**Required action**. Pick out each line of the records that includes the string "Gold", and copy it.

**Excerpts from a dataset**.
*** Block opens ***
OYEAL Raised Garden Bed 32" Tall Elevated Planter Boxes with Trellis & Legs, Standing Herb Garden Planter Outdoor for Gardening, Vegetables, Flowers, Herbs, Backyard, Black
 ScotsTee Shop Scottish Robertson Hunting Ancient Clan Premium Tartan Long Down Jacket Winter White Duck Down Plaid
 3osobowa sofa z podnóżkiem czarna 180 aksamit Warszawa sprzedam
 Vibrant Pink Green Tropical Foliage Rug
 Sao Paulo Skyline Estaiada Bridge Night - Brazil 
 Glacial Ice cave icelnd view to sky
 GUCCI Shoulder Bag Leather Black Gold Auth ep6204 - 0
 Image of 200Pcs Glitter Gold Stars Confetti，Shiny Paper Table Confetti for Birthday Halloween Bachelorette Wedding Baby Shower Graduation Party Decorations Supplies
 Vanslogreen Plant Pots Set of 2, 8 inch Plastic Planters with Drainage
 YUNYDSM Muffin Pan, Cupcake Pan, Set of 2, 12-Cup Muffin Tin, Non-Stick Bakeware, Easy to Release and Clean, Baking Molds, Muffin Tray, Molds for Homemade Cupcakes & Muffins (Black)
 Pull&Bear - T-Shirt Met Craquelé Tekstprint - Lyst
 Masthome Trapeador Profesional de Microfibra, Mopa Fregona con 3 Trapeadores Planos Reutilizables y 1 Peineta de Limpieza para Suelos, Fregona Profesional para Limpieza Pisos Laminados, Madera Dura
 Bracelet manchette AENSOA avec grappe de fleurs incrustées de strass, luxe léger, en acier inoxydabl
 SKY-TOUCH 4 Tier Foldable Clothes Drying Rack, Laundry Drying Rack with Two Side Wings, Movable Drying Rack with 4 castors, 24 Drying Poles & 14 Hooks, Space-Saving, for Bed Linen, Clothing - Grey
*** Block closes ***
**Expected answer**.
 GUCCI Shoulder Bag Leather Black Gold Auth ep6204 - 0
 Image of 200Pcs Glitter Gold Stars Confetti，Shiny Paper Table Confetti for Birthday Halloween Bachelorette Wedding Baby Shower Graduation Party Decorations Supplies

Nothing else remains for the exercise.